Book Review: Winter Harvest

We have a cold frame that allows us to grow a 12 month garden.   It's a miracle.   See the search bar on the right sidebar?  --->   Do a search for cold frame and you can see what we've been doing with them for the past few years.

Because I want to increase our winter harvest, I picked up a couple of extra books to read up this winter.    I found a real gem!

The Winter Harvest Handbook: Year Round Vegetable Production Using Deep Organic Techniques and Unheated Greenhouses by Eliot Coleman  [photo from Amazon].

Did you read the part in the subtitle about unheated greenhouses?

Un. Heated. Greenhouses.

Since our electric bill almost doubled due to federal regulations [we live in a coal state], we're all over the unheated thing.   Which is why you're seeing a lot of posts about wood burning stoves, cold frames and unheated greenhouses.

The author, Eliot Coleman, operates a 12 month organic vegetable garden/farm in Maine.    They use a lot of horse poop and careful cultivation to keep the weeds down and they use low tech greenhouses to keep things going all winter long.

The trick is double covering the vegetables all winter, knowing what the sun is doing at your latitude, and knowing which vegetables to sow when.
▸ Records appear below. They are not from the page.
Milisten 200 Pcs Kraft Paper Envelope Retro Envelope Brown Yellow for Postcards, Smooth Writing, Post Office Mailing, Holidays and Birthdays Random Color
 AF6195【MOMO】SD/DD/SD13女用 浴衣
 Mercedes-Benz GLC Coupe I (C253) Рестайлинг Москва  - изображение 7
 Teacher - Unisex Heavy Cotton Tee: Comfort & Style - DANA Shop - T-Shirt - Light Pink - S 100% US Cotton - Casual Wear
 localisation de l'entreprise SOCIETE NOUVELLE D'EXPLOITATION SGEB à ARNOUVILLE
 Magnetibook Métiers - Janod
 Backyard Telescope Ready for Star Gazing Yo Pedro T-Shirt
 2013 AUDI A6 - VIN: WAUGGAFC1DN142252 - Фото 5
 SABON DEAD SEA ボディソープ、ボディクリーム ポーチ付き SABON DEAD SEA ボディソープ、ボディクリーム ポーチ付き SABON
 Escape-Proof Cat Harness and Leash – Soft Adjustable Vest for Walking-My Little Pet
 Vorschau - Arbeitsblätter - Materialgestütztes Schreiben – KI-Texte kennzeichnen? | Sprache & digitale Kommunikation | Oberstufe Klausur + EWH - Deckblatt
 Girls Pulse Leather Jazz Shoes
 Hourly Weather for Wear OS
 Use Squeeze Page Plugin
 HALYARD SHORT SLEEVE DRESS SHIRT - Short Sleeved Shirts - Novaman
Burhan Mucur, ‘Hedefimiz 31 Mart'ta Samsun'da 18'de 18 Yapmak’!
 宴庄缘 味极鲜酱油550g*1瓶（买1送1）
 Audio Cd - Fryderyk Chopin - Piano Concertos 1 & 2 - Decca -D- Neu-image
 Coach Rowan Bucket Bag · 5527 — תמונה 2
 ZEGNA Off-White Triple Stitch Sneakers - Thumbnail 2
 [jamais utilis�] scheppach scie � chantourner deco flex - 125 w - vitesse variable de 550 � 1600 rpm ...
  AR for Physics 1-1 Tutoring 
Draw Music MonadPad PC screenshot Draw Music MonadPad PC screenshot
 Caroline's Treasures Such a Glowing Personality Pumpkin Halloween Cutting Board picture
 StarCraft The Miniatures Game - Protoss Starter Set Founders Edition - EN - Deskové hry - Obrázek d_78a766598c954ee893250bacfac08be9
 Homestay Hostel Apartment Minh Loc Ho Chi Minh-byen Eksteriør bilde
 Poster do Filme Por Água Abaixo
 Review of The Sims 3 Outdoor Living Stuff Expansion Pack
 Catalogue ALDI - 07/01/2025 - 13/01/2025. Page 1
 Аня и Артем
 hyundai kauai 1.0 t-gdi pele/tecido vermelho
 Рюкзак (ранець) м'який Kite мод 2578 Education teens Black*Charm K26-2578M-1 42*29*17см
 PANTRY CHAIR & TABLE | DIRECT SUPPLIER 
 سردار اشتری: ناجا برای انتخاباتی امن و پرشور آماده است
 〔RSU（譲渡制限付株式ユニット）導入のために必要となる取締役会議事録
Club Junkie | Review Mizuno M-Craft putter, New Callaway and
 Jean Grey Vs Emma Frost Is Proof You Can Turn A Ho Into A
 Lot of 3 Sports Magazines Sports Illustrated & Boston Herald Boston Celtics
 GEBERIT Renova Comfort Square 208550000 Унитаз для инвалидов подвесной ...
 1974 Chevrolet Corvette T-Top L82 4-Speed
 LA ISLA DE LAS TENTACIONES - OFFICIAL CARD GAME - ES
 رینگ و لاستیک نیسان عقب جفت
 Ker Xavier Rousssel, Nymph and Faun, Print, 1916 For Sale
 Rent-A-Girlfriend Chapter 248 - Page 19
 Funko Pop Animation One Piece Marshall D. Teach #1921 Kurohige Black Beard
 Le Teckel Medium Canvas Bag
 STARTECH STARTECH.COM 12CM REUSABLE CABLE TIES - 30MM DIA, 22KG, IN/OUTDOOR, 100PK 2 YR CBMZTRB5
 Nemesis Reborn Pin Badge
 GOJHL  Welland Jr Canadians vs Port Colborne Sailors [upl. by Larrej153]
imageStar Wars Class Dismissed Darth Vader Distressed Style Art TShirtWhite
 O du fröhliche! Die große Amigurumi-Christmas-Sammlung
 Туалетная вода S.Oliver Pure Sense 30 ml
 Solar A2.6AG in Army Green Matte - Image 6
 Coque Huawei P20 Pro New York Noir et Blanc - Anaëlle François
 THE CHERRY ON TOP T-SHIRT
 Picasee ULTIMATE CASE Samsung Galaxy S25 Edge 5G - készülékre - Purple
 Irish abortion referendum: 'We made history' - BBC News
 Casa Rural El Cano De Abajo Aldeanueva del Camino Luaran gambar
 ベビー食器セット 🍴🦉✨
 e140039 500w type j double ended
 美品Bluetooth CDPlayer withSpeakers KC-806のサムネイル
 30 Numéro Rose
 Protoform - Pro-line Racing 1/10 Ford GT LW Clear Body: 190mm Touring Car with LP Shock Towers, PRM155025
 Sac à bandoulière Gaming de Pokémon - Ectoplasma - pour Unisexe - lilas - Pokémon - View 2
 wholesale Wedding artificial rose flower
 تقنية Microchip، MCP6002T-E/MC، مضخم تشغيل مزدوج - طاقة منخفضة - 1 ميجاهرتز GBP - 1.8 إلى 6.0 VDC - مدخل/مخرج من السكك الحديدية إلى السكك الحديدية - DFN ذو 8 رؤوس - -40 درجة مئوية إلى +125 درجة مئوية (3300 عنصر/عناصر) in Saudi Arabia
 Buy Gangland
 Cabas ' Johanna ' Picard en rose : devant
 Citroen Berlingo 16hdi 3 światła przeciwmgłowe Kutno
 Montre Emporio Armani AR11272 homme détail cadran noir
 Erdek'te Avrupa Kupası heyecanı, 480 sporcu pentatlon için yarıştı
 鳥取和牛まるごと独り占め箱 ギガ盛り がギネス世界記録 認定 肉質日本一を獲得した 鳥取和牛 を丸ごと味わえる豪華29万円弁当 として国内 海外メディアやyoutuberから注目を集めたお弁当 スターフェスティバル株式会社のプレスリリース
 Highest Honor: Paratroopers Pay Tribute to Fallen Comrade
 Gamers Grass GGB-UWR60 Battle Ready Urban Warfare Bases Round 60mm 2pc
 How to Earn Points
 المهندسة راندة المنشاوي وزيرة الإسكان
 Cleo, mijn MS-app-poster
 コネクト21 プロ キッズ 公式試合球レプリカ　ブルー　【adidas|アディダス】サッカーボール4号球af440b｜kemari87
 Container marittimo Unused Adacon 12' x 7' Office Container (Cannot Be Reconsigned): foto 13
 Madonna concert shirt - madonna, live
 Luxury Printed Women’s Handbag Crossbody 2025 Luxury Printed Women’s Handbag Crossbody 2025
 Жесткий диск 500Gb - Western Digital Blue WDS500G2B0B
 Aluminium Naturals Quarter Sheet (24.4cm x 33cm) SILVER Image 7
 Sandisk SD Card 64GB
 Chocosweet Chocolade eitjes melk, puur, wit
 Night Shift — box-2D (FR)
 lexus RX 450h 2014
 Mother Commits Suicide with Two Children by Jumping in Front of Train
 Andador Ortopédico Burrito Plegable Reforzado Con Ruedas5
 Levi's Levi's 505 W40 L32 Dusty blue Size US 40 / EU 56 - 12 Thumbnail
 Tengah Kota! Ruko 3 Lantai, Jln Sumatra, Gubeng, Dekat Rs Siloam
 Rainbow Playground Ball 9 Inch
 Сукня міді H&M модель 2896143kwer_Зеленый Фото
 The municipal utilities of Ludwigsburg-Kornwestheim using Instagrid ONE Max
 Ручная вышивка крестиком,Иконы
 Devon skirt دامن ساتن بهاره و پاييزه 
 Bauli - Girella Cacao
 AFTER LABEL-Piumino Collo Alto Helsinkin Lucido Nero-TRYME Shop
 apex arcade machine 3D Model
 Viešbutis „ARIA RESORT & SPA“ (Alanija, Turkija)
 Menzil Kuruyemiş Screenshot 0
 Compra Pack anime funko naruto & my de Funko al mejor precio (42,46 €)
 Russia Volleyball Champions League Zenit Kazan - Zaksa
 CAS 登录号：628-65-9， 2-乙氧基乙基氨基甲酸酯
The book describes in detail how to cover your beds and how to build inexpensive structures to do the job.    He describes in detail how to compost and what to use.    He describes in detail how to figure out what the winter sun is doing in your area  and how to use that to your advantage to figure out both fall planting/winter harvesting and early spring planting schedules.   

What I loved best is the whole discussion of when to plant things.   I had used my cold frames to grow things in the winter.    The problem is that there isn't enough sun for things to grow during Dec and Jan, and so things I planted in December [after the first harvest] weren't growing.    He explains that what you have to do is plant early so you can harvest all winter.    You're not growing things in deep winter, you're holding them stable for harvest all winter.   Which means I have to re-think how I plant in the fall and that I can plant a lot earlier than I thought in the spring - as long as things are under cover.   

I do know that the radishes we're eating this month are a whole different creature from the same radishes grown with the same seed planted in April.  And those carrots that tasted like trees in August - will taste a lot better in December.   Next year's winter garden will be a lot better.

If you are at all interested in 12 month gardening and harvesting, read this book.